А в кабинете ректора тем временем заканчивался как-то не вязавшийся разговор с Бесединым. Ректор был в раздраженном состоянии и все сбивался на ядовитые слова в адрес Линевича:

— Видите ли, с точки зрения геронтологии… Бороться со старостью можно только путем профилактики. Не допускать старения! Начиная с тридцати — сорока лет систематически применять терапию противостарения. А если старость наступила, она необратима. Возможно, что этот Линевич, или кто там он в действительности, нашел средство… гм… временного подстегивания, но…

— А все-таки… утешительно, что превращение, вообще говоря, не исключено. В принципе, так сказать, — строптиво сказал Беседин.
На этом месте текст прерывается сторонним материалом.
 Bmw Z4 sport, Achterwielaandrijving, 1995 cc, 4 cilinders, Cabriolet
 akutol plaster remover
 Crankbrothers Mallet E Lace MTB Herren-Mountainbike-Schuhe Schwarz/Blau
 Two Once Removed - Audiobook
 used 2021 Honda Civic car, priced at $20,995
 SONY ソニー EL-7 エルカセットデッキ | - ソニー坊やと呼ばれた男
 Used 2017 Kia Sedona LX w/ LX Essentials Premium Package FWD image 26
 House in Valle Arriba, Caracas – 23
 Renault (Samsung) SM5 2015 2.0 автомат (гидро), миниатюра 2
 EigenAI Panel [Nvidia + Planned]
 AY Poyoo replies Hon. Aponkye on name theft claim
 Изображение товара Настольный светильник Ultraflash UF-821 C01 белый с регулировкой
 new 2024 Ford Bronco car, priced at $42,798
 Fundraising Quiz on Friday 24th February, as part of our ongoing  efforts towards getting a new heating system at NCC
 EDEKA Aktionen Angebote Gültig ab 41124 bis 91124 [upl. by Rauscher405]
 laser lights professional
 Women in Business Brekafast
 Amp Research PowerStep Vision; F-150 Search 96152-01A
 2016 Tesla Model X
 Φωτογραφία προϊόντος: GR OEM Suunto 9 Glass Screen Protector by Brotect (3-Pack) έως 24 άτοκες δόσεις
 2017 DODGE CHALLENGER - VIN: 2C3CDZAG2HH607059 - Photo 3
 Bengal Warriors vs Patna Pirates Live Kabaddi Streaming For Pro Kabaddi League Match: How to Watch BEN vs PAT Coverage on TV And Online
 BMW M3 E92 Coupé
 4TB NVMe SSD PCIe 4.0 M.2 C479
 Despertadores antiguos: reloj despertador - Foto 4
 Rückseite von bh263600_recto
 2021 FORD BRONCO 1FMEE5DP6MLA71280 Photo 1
— Да? — саркастически переспросил Орловский. — Так вот, к вашему сведению: он снова стар и немощен. Почему? Не знаю. Допускаю в числе причин также и крах нервной системы. Почему? Во всяком случае, налицо нечто вроде неудачи опыта знаменитого русского ученого-медика в Париже, профессора Воронова, он тоже изобрел средство омоложения — подсаживание человеку семенных желез обезьяны. В результате — кратковременный резкий расцвет человеческого организма, затем полное одряхление.

— Одряхление? — задумчиво повторил Беседин. «Вот тебе и фельетон!» — с насмешкой над самим собой подумал он. Орловский говорил еще что-то, но Беседин уже был в дверях.

— До свидания, профессор. Спасибо! — послышалось издали. Орловский досадливо пожал плечами.

Тут в кабинет неожиданно вошел Гурейко. Он вытянулся по-солдатски и возбужденно отрапортовал:

— Так что не желаю! Окончательно не желаю!

— Чего вы не желаете? — спросил расстроенный ректор.

— Омолодиться не желаю! — гаркнул Гурейко. — Нам это ни к чему!

И перед тем как уйти, он твердо добавил:

— Нынче омолаживать насильно не велено! Извините-с!

Участковый был заботливый человек. А забота, по его мнению, — это прежде всего проверка исполнения. Вселение молодого человека, племянника доктора Линевича, было выполнено. Но вот вопрос: а как дальше сложилась обстановка? Не притесняют ли беднягу?

Степан Демьянович уверенно, как всегда, постучал в дверь Линевича и вошел в комнату, так как ему послышалось из-за двери: «Войдите!» Видимо, хозяин комнаты сказал какое-то другое, менее приветливое слово. Во вся ком случае, участковый увидел старого доктора Линевича на кровати в пиджаке и ботинках. Доктор сердито смотрел на вошедшего.

— А! — искренне обрадовался Степан Демьянович, не очень обращая внимания на детали. — Вернулись? Отохотились, значит?